As a result of the population shifts are taking place in the United States, more and more people are living with Alzheimer’s and other types of dementia.
Alzheimer’s Disease (Alzheimer’s) is Increasing as the U.S. Population Increases
- Age is the greatest known risk factor for Alzheimer’s, and millions of baby boomers are now at great risk.
- By the year 2030, the number of African-Americans 65 or older is expected to double – to 6.9 million, and thus will be at increased risk for Alzheimer’s.
- One myth about Alzheimer’s must be replaced with fact: Alzheimer’s is not a normal part of the aging process.
- The most common symptom of Alzheimer’s is dementia, which includes increasing memory loss, and difficulty in reasoning and thinking.

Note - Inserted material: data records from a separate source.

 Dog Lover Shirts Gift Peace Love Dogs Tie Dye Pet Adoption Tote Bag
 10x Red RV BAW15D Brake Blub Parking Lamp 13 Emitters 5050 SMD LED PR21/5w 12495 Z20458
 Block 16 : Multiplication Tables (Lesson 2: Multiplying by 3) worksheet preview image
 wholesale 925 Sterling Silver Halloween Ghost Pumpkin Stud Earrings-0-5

- Alzheimer’s is a fatal disease that gets worse over time, and it is the 7th leading cause of death in the United States.
- Today, as many as 5 million people in the United States are living with Alzheimer’s and that number is rapidly increasing as our population ages.

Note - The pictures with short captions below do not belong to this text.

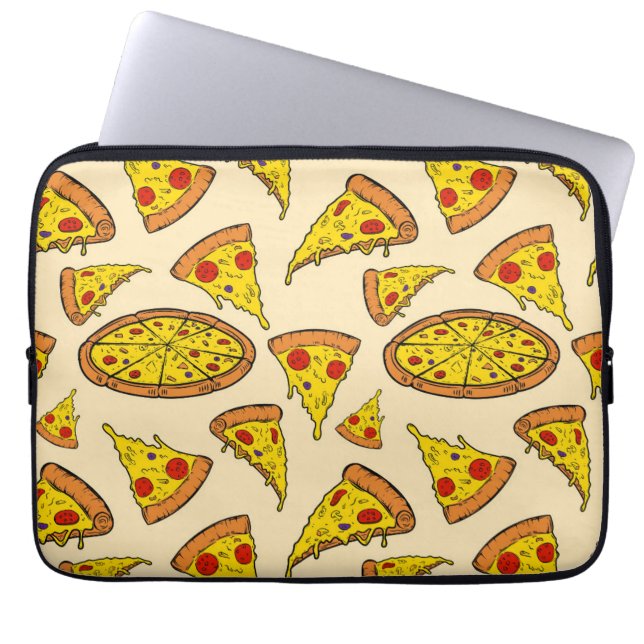 Smälter Cheese Pizza Mönster Laptop Fodral (Framsidan)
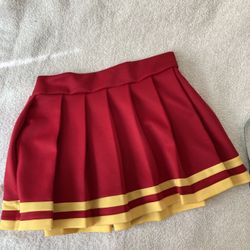 Gameday Cheerleader Pleated Red And Yellow Skirt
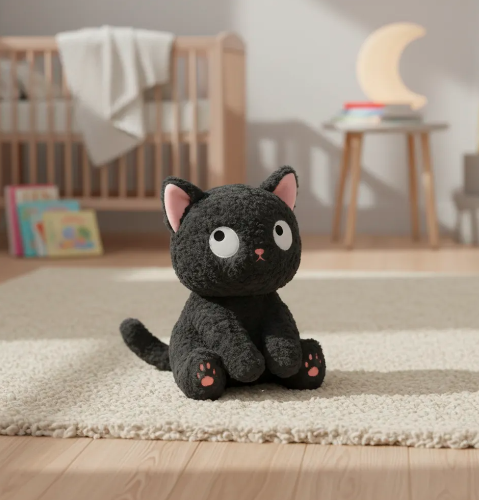 Peluche Gato Negro de Apego 25 cm Suave y Tierno-2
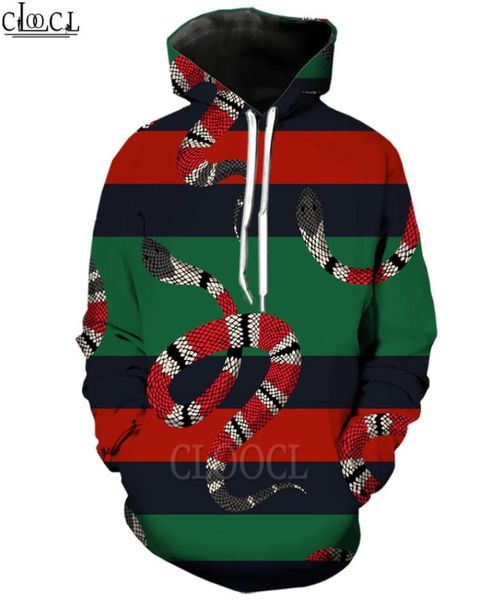 

cloocl red black snake hoodie 3d print funny hooded coat sweatshirt men clothing long sleeve couples pullovers3454775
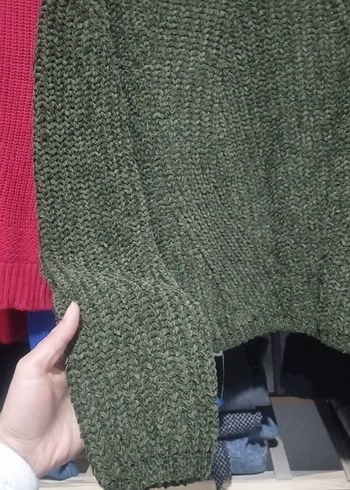 Gri Örgü Kadın Triko Kazak - Görsel 3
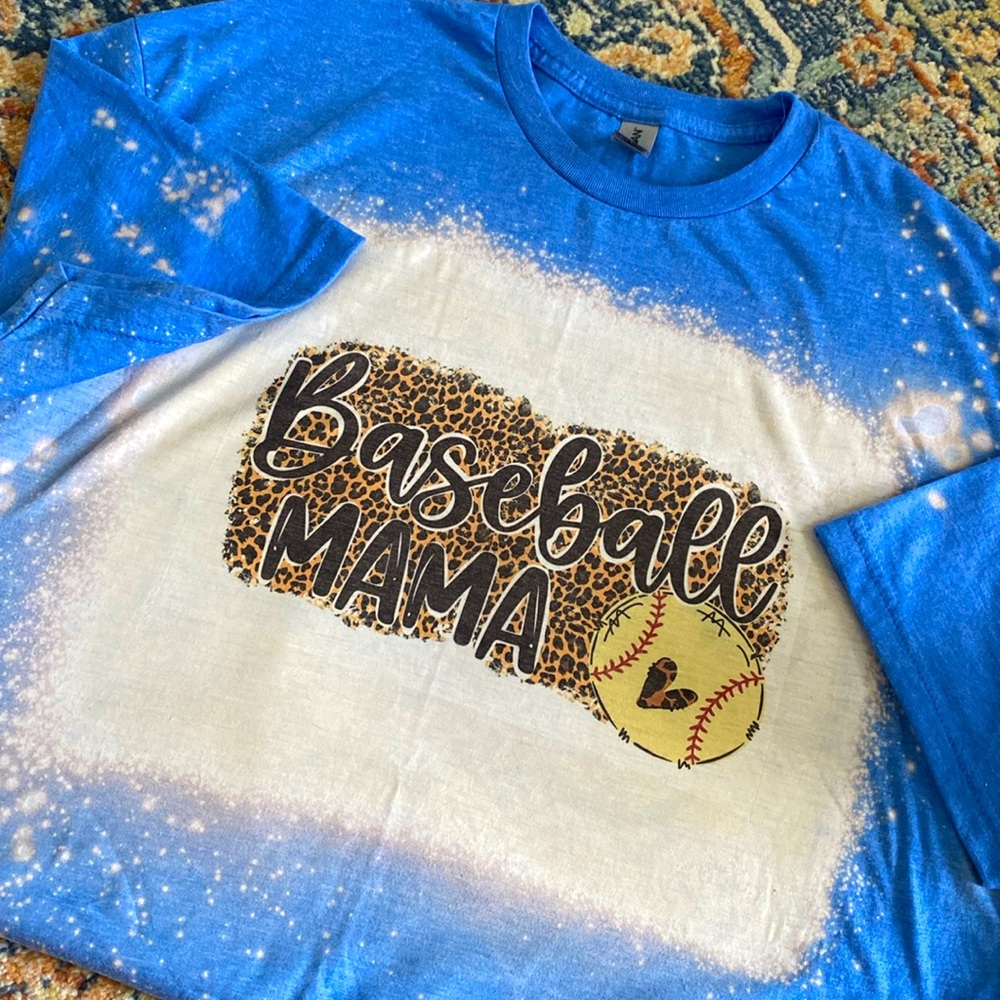 Bleach washed light blue “Baseball Mama” T-Shirt size XL.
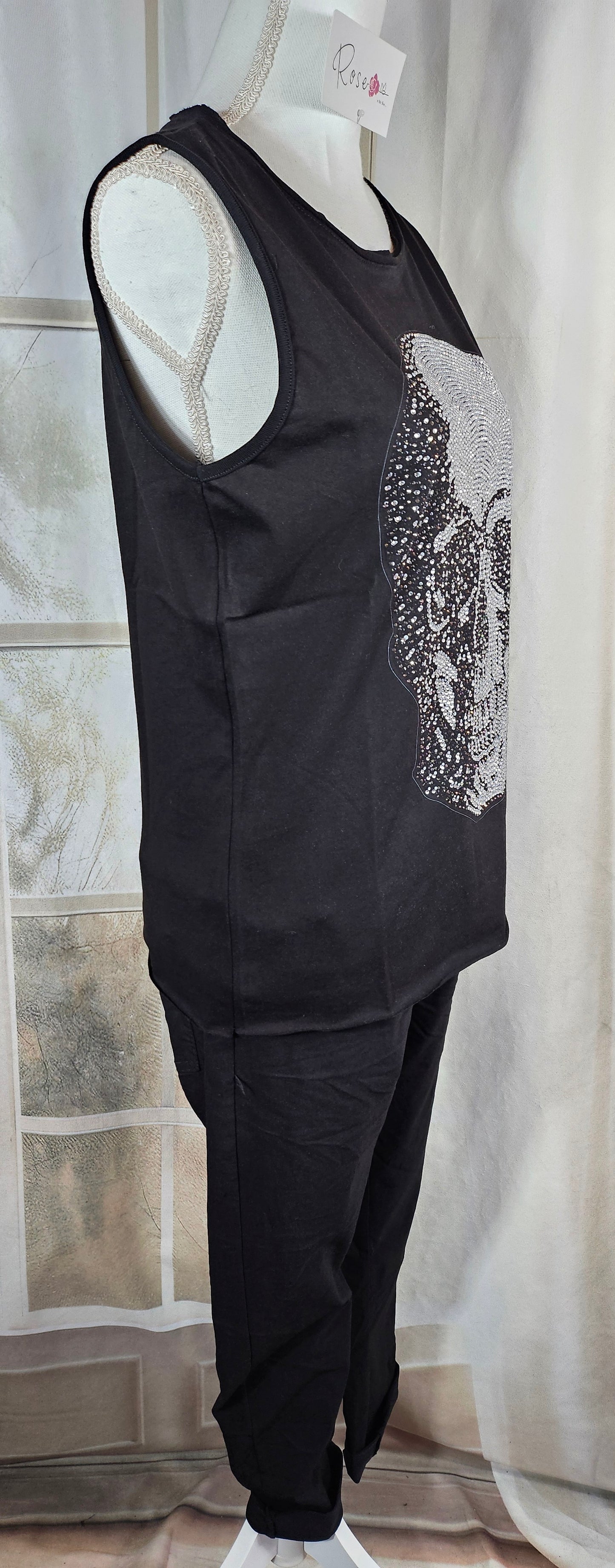 Baumwolltop "Skull", Grösse S/M & L/XL von ROSE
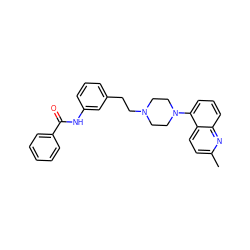 Cc1ccc2c(N3CCN(CCc4cccc(NC(=O)c5ccccc5)c4)CC3)cccc2n1 ZINC000066259961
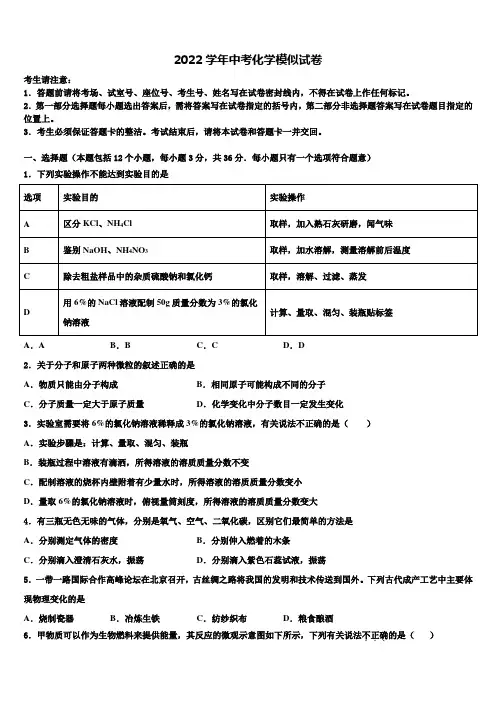 2022届广东省华师附中中考化学全真模拟试题(含解析)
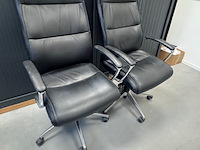 Hoekbureau met 2x bureaustoel, grijs/eiken - afbeelding 3 van  5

- African Americans and Hispanics are at higher risk than whites for Alzheimer’s because they also share a higher risk for cardiovascular disease, which has an increased risk of dementia. Possible reasons may relate to the increased incidence of hypertension and cardiovascular disease in these populations.
Spirituality and Alzheimer’s Disease
- The first problem family members may notice about a loved one who has Alzheimer’s is forgetfulness that interferes with ability to function at home, at work, or to enjoy lifelong hobbies and pursuits. They may even choose to skip regular services or drop out of the choir or church clubs and auxiliaries. Other possible signs of the disease include confusion about time and place, loss of judgement, misplacing things and distinct changes in personality.
- Be sensitive to the fact that some families may feel embarrassed or reluctant to ask for help from their place of worship. If you are not sure whether or not these congregation members would like assistance, don’t wait for them to ask. Although offers of support may be turned down, one day an offer may be accepted.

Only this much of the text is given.